Objetivos: 1) Realizar un perfil del paciente, 2) Describir la intervención realizada y 3) Describir el resultado de las escalas utilizadas
Metodología: Estudio de caso único (N=1). La captación del paciente fue en las consultas externas de psiquiatría mediante entrevista directa. Se aplicaron las Escalas BDI II y de SAD PERSONS.
Caso clínico:
Varón de 56 años, el menor de 3 hermanos. Soltero, vive solo, tiene una hija de 21 años con la que no tiene relación. Se encuentra incapacitado desde hace 20 meses, se dedicaba al almacenaje.
Su primer contacto con psiquiatría es en el 2014, acude a las consultas de la unidad de salud mental derivado por su médico de cabecera por sintomatología depresiva secundario a dolor crónico e incapacitante para sus actividades diarias. En tratamiento con escitalopram 20mg sin mejoría.

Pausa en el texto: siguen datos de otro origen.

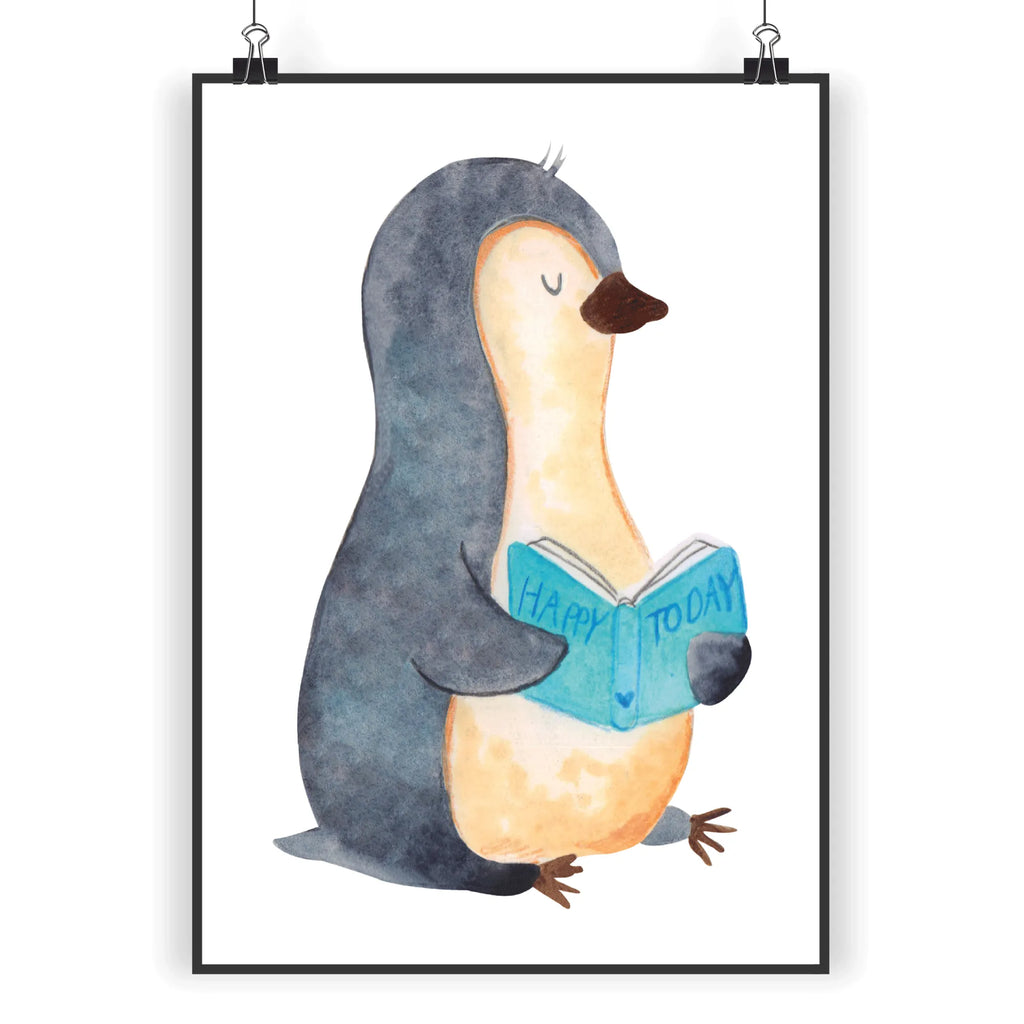 Poster Penguin A book Wandposter, Handgemaltes Poster, Wanddeko Bild, Mr. & Mrs. Panda Poster, Designposter, Wanddekoration, Küchenposter, Wanddeko, Kunstdruck, Bild, Posterdruck, Raumdekoration, Poster, Kinderposter, Pinguin, Ferien, Faulenzen, Urlaub, Buch, Freizeit, Pinguine, Lesen, Nichtstun, Bücherwurm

El paciente refiere que a raíz de una hernia lumbar, que ha sido intervenida en 3 ocasiones sin éxito, presenta un dolor persistente, que le impide caminar y ha disminuido su flexibilidad, se le ha diagnosticado de dolor crónico en seguimiento por la unidad de dolor, quedando incapacitado para trabajar.
Cree que el tiempo pasa y que no mejora a pesar de la rehabilitación y el tratamiento para el dolor, se ha convertido en una persona introvertida, aislada, tiene solo amigo y poca vida social, pasa triste la mayor parte del día, incapaz de experimentar placer y constantemente piensa en la muerte como un alivio a sus síntomas y solución a su problema.
Resultados:
En su primera entrevista, se obtiene en la escala de SAD un riesgo moderado ( 5 puntos); sexo varón, sin pareja estable, escaso apoyo social, enfermedad somática, depresión. En la escala BDI II obtiene un resultado de 23 puntos, depresión moderada.
Se lleva acabo una intervención psicoterapéutica donde se observan elevadas dificultades para las propuestas y el cambio. Se retira el antidepresivo previo y se inicia tratamiento con venlafaxina, llegando a dosis de 225mg día mejorando la sintomatología depresiva. Tras 5 meses de tratamiento farmacológico y 4 intervenciones psicoterapéuticas, se obtiene una puntuación de 14 en la BDI II.
Conclusiones:
Dado que el dolor puede tener un efecto psicológico sobre la vida del enfermo, el apoyo psicológico suele añadirse al apoyo farmacológico.